- [Task objective]
Retype every record that follows, character for character.

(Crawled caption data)
▼
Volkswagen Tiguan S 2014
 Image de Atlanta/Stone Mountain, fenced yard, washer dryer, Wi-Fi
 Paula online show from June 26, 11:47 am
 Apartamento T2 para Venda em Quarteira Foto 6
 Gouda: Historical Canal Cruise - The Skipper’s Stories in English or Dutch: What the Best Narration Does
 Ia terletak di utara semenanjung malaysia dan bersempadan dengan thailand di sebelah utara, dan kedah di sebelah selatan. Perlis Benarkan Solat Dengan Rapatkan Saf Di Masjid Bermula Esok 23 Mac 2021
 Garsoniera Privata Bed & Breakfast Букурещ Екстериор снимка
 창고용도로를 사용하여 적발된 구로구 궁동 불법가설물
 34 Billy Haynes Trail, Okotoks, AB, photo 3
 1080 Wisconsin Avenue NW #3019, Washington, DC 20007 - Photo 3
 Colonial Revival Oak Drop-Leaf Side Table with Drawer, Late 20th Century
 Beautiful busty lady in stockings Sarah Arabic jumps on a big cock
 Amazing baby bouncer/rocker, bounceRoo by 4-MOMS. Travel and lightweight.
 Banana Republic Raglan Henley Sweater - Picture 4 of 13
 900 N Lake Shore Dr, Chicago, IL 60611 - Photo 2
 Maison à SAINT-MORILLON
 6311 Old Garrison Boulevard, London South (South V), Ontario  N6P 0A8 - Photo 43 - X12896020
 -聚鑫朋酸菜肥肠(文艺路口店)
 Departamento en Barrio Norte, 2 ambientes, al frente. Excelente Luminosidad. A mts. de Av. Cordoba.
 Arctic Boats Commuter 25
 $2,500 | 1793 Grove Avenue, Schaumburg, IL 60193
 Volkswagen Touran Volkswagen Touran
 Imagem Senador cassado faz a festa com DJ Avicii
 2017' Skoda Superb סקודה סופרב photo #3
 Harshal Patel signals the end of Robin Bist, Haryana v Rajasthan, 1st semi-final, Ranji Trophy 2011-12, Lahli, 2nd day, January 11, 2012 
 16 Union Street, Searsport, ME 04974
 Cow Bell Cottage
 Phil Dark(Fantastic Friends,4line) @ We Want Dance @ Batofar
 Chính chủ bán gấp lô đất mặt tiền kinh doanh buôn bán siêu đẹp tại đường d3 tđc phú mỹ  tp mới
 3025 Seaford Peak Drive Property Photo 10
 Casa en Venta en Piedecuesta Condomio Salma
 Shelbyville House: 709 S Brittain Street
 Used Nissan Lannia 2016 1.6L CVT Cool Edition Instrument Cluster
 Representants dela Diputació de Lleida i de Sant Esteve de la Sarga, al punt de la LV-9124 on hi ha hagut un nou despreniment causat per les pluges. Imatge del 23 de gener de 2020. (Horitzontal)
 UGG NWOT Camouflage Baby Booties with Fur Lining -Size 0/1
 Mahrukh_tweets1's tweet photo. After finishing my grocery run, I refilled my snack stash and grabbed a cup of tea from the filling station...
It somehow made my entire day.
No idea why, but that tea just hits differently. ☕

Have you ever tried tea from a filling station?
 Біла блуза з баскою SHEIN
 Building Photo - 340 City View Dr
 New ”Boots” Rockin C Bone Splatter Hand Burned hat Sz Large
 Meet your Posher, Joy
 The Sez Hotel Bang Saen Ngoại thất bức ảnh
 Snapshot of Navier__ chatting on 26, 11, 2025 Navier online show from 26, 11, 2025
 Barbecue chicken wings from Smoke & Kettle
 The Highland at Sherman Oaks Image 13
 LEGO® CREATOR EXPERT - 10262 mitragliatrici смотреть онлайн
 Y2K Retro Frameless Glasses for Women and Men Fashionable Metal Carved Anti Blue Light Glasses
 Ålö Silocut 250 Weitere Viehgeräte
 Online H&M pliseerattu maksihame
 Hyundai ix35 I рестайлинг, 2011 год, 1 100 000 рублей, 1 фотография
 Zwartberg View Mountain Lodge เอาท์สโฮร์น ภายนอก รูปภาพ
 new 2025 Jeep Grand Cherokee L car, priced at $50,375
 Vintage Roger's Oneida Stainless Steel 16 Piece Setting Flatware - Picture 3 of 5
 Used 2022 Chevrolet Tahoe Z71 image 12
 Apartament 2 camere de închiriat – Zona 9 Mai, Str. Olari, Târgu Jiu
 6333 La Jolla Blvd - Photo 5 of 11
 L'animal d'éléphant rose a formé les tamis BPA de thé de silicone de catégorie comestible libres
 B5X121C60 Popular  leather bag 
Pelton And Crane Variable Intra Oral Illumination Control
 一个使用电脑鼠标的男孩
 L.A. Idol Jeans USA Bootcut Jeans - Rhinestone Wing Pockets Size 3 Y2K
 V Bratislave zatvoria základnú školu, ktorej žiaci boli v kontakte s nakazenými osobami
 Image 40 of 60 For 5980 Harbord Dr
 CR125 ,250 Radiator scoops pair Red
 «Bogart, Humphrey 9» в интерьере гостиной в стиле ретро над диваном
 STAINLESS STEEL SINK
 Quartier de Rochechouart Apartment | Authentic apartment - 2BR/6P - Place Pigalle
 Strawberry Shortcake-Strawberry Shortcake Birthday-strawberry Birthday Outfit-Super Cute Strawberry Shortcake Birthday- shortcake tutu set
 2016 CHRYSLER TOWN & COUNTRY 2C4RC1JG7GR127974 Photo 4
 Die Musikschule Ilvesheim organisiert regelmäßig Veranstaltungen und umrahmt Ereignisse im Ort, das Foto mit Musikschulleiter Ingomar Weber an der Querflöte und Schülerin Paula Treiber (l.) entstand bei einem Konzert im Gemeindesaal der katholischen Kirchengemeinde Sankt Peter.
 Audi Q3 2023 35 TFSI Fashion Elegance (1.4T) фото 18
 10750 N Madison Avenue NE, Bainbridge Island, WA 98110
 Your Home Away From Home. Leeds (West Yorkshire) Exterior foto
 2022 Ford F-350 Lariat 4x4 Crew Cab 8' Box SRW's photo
▲
- [Expected answer]
Volkswagen Tiguan S 2014
 Image de Atlanta/Stone Mountain, fenced yard, washer dryer, Wi-Fi
 Paula online show from June 26, 11:47 am
 Apartamento T2 para Venda em Quarteira Foto 6
 Gouda: Historical Canal Cruise - The Skipper’s Stories in English or Dutch: What the Best Narration Does
 Ia terletak di utara semenanjung malaysia dan bersempadan dengan thailand di sebelah utara, dan kedah di sebelah selatan. Perlis Benarkan Solat Dengan Rapatkan Saf Di Masjid Bermula Esok 23 Mac 2021
 Garsoniera Privata Bed & Breakfast Букурещ Екстериор снимка
 창고용도로를 사용하여 적발된 구로구 궁동 불법가설물
 34 Billy Haynes Trail, Okotoks, AB, photo 3
 1080 Wisconsin Avenue NW #3019, Washington, DC 20007 - Photo 3
 Colonial Revival Oak Drop-Leaf Side Table with Drawer, Late 20th Century
 Beautiful busty lady in stockings Sarah Arabic jumps on a big cock
 Amazing baby bouncer/rocker, bounceRoo by 4-MOMS. Travel and lightweight.
 Banana Republic Raglan Henley Sweater - Picture 4 of 13
 900 N Lake Shore Dr, Chicago, IL 60611 - Photo 2
 Maison à SAINT-MORILLON
 6311 Old Garrison Boulevard, London South (South V), Ontario  N6P 0A8 - Photo 43 - X12896020
 -聚鑫朋酸菜肥肠(文艺路口店)
 Departamento en Barrio Norte, 2 ambientes, al frente. Excelente Luminosidad. A mts. de Av. Cordoba.
 Arctic Boats Commuter 25
 $2,500 | 1793 Grove Avenue, Schaumburg, IL 60193
 Volkswagen Touran Volkswagen Touran
 Imagem Senador cassado faz a festa com DJ Avicii
 2017' Skoda Superb סקודה סופרב photo #3
 Harshal Patel signals the end of Robin Bist, Haryana v Rajasthan, 1st semi-final, Ranji Trophy 2011-12, Lahli, 2nd day, January 11, 2012 
 16 Union Street, Searsport, ME 04974
 Cow Bell Cottage
 Phil Dark(Fantastic Friends,4line) @ We Want Dance @ Batofar
 Chính chủ bán gấp lô đất mặt tiền kinh doanh buôn bán siêu đẹp tại đường d3 tđc phú mỹ  tp mới
 3025 Seaford Peak Drive Property Photo 10
 Casa en Venta en Piedecuesta Condomio Salma
 Shelbyville House: 709 S Brittain Street
 Used Nissan Lannia 2016 1.6L CVT Cool Edition Instrument Cluster
 Representants dela Diputació de Lleida i de Sant Esteve de la Sarga, al punt de la LV-9124 on hi ha hagut un nou despreniment causat per les pluges. Imatge del 23 de gener de 2020. (Horitzontal)
 UGG NWOT Camouflage Baby Booties with Fur Lining -Size 0/1
 Mahrukh_tweets1's tweet photo. After finishing my grocery run, I refilled my snack stash and grabbed a cup of tea from the filling station...
It somehow made my entire day.
No idea why, but that tea just hits differently. ☕

Have you ever tried tea from a filling station?
 Біла блуза з баскою SHEIN
 Building Photo - 340 City View Dr
 New ”Boots” Rockin C Bone Splatter Hand Burned hat Sz Large
 Meet your Posher, Joy
 The Sez Hotel Bang Saen Ngoại thất bức ảnh
 Snapshot of Navier__ chatting on 26, 11, 2025 Navier online show from 26, 11, 2025
 Barbecue chicken wings from Smoke & Kettle
 The Highland at Sherman Oaks Image 13
 LEGO® CREATOR EXPERT - 10262 mitragliatrici смотреть онлайн
 Y2K Retro Frameless Glasses for Women and Men Fashionable Metal Carved Anti Blue Light Glasses
 Ålö Silocut 250 Weitere Viehgeräte
 Online H&M pliseerattu maksihame
 Hyundai ix35 I рестайлинг, 2011 год, 1 100 000 рублей, 1 фотография
 Zwartberg View Mountain Lodge เอาท์สโฮร์น ภายนอก รูปภาพ
 new 2025 Jeep Grand Cherokee L car, priced at $50,375
 Vintage Roger's Oneida Stainless Steel 16 Piece Setting Flatware - Picture 3 of 5
 Used 2022 Chevrolet Tahoe Z71 image 12
 Apartament 2 camere de închiriat – Zona 9 Mai, Str. Olari, Târgu Jiu
 6333 La Jolla Blvd - Photo 5 of 11
 L'animal d'éléphant rose a formé les tamis BPA de thé de silicone de catégorie comestible libres
 B5X121C60 Popular  leather bag 
Pelton And Crane Variable Intra Oral Illumination Control
 一个使用电脑鼠标的男孩
 L.A. Idol Jeans USA Bootcut Jeans - Rhinestone Wing Pockets Size 3 Y2K
 V Bratislave zatvoria základnú školu, ktorej žiaci boli v kontakte s nakazenými osobami
 Image 40 of 60 For 5980 Harbord Dr
 CR125 ,250 Radiator scoops pair Red
 «Bogart, Humphrey 9» в интерьере гостиной в стиле ретро над диваном
 STAINLESS STEEL SINK
 Quartier de Rochechouart Apartment | Authentic apartment - 2BR/6P - Place Pigalle
 Strawberry Shortcake-Strawberry Shortcake Birthday-strawberry Birthday Outfit-Super Cute Strawberry Shortcake Birthday- shortcake tutu set
 2016 CHRYSLER TOWN & COUNTRY 2C4RC1JG7GR127974 Photo 4
 Die Musikschule Ilvesheim organisiert regelmäßig Veranstaltungen und umrahmt Ereignisse im Ort, das Foto mit Musikschulleiter Ingomar Weber an der Querflöte und Schülerin Paula Treiber (l.) entstand bei einem Konzert im Gemeindesaal der katholischen Kirchengemeinde Sankt Peter.
 Audi Q3 2023 35 TFSI Fashion Elegance (1.4T) фото 18
 10750 N Madison Avenue NE, Bainbridge Island, WA 98110
 Your Home Away From Home. Leeds (West Yorkshire) Exterior foto
 2022 Ford F-350 Lariat 4x4 Crew Cab 8' Box SRW's photo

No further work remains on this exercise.